All of this data is linked to their respective pages in the UI - if I want to see more about the alerts, I click the alert links. More about the operations? Click the operation links. And so on.

And because Jopr has abstracted the facets so they are applicable across any number of managed resources, we can manage all different kinds of resources - JBoss Application Servers, Apache Web Servers, Tomcat Web Application Servers, hardware boxes, operating system services, even Jopr itself - and we reuse the same UI pages, the same code, and the same look & feel - no additional code needs to be introduced to the server to support additional types of managed resources!

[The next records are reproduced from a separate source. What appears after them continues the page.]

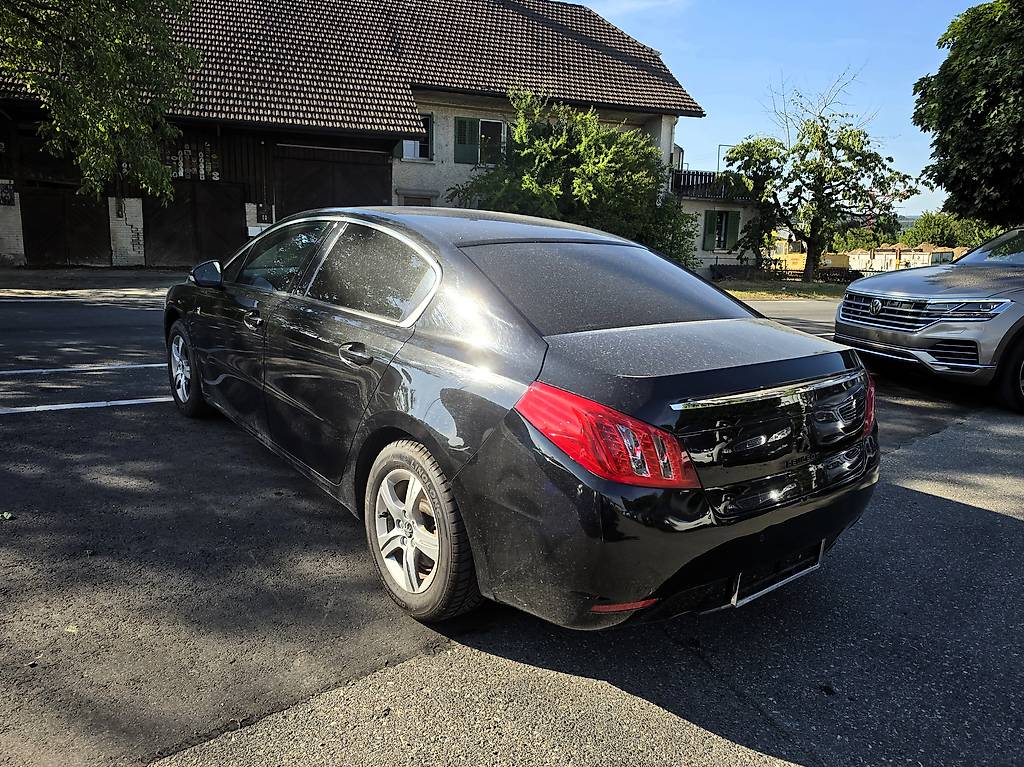 PEUGEOT 508 2.0 HDI Hybrid4 Allure EGS6 — slika 3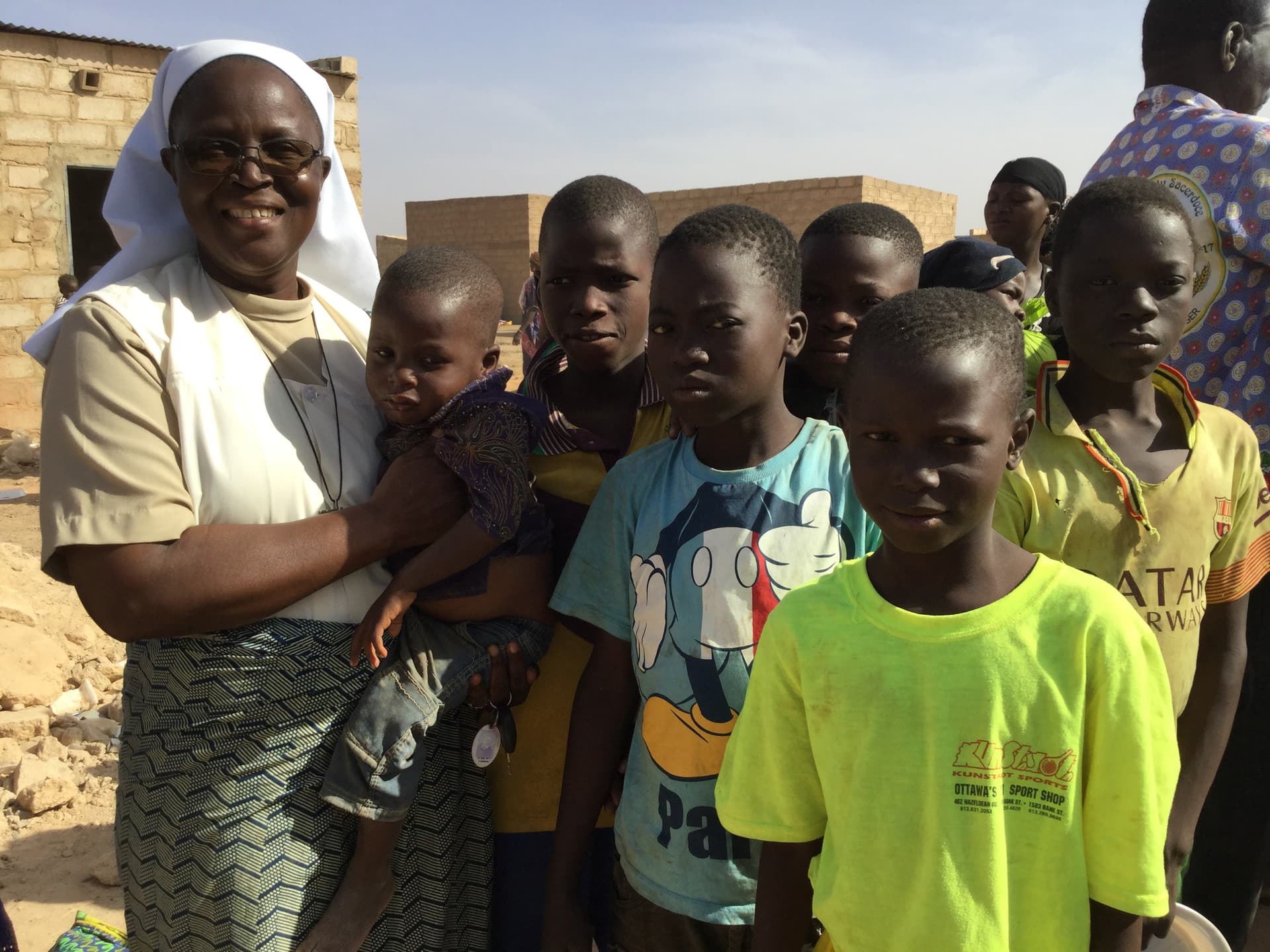 Ordensschwestern fördern Schulbildung und Hoffnung für Kinder in Burkina Faso ©ACN Ordensschwestern fördern Schulbildung und Hoffnung für Kinder in Burkina Faso ©ACN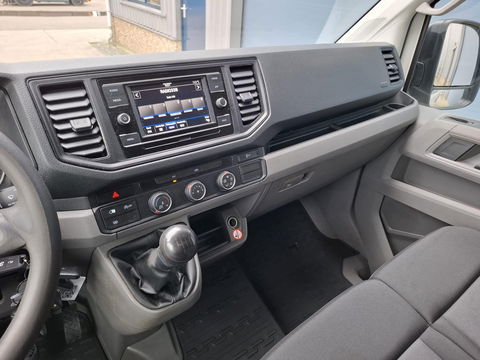 Volkswagen Crafter 35 2.0 TDI L3H3 AIRCO / CRUISE CONTROLE / CARPLAY / CAMERA / TREKHAAK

For example, above you see the summary for the Jopr agent. What's the summary information look like for a JBoss Application Server that I am managing? You can see this here. Notice that the same look & feel, the same UI pages and code is used, the same SQL queries - everything is reused. No additional integration is needed on the server side. But notice the difference. The agent resource supports the "configuration facet" - which is why you saw the "Configure" tab and the configuration update information earlier. But the agent does not support the "content facet" (the agent does not push or pull content over the Jopr content subsystem). But look at the JBossAS resource - it does not support the configuration facet (so you don't see the Configure tab and there are no recent config updates) but it does support the content facet (you can see the Content tab along with some recent package history). The JBossAS resource component in the agent will send up to the Jopr server information about what packages (e.g. jar libraries) it has installed. If a resource supports it, you can even ship down updated packages to the resource (for example, to send down new jars that incorporate bug fixes).

The above just talks about correlating cross-facet information for a specific resource. What if I want to see information across my entire inventory? What if I want to see all of the alerts that were triggered by Jopr, regardless of the resource that triggered the alert. What if I want to see all the configuration changes made to my environment, regardless of which resource was reconfigured?

Again, because Jopr is abstract in nature, we can scan the inventory history and aggregate this kind of information. Below you see that we can view all the alerts and all configuration changes - you can even filter the results if you only care about a subset of the data.

I think this clearly shows how an abstract management platform that supports multiple management facets can provide tremendous value to anyone managing a network of hardware and software products.

Well, that's all I have to say on this subject (for now). I hope this makes it a bit more clear what Jopr brings to the table and its value-add that it can bring to your IT environment.